— TASK DETAILS —
Your output should be the lines from the one containing "Issey Miyake rinkinys: L'Eau" through the end of the listing, exact and inclusive, with no pictures.

----- DATA EXTRACT -----

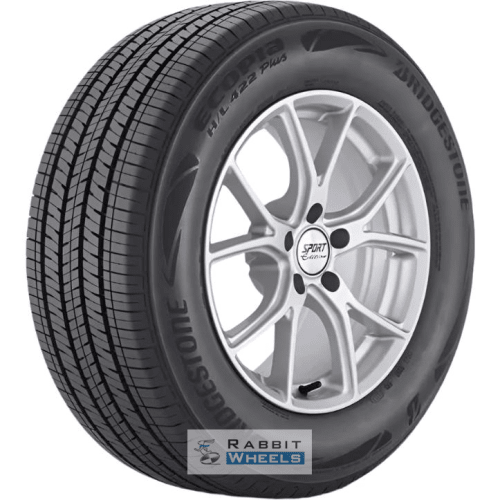 Bridgestone Ecopia H/L 422 Plus 255/45 R20 101W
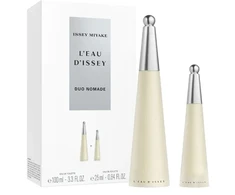 Issey Miyake rinkinys: L'Eau d'Issey tualetinis vanduo moterims, 100 ml + L'Eau d'Issey tualetinis vanduo moterims, 25 ml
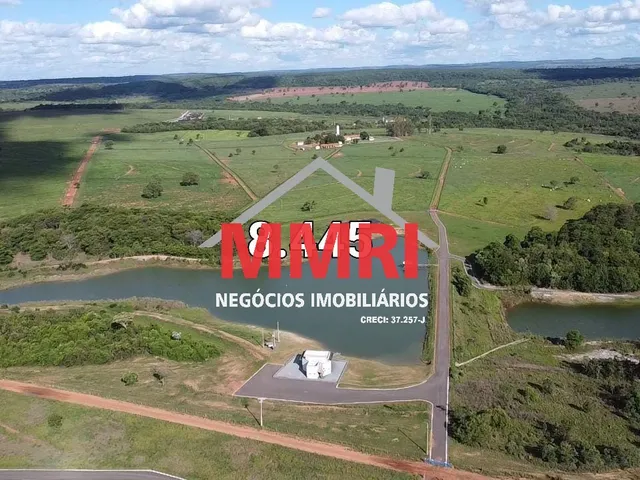 Imagem: FAZENDA RURAL em CASSILÂNDIA - MS, Área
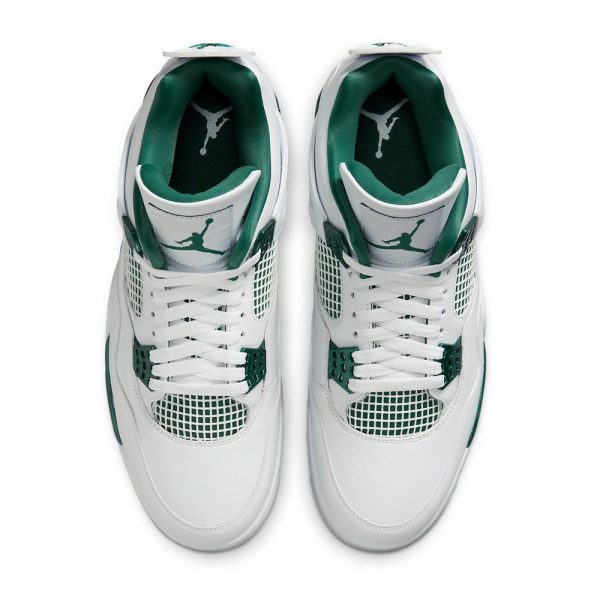 Air Jordan 4 Retro ‘Oxidized Green’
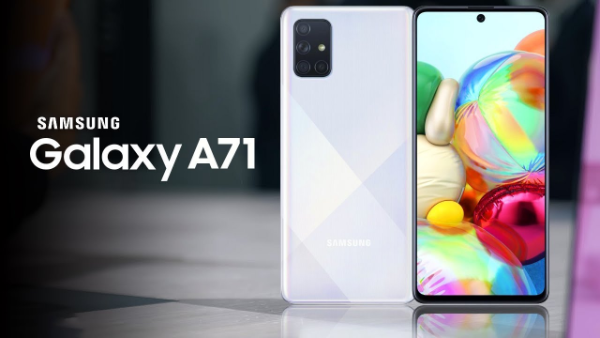 ویژگی ها و قابلیت های Samsung Galaxy A71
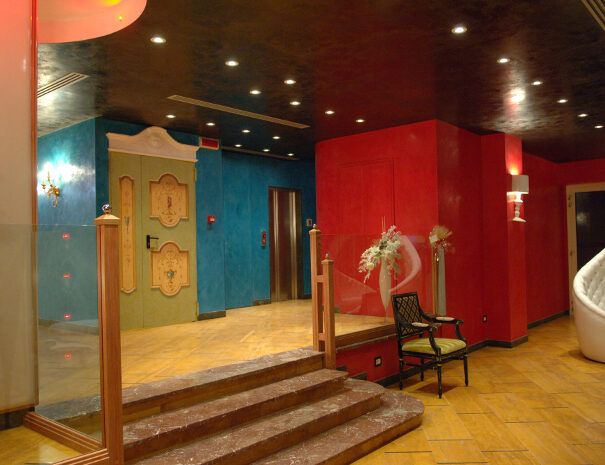 Hotel La Rosa dei Venti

-----

— RESPONSE BOX —
 Issey Miyake rinkinys: L'Eau d'Issey tualetinis vanduo moterims, 100 ml + L'Eau d'Issey tualetinis vanduo moterims, 25 ml
 Imagem: FAZENDA RURAL em CASSILÂNDIA - MS, Área
 Air Jordan 4 Retro ‘Oxidized Green’
 ویژگی ها و قابلیت های Samsung Galaxy A71
 Hotel La Rosa dei Venti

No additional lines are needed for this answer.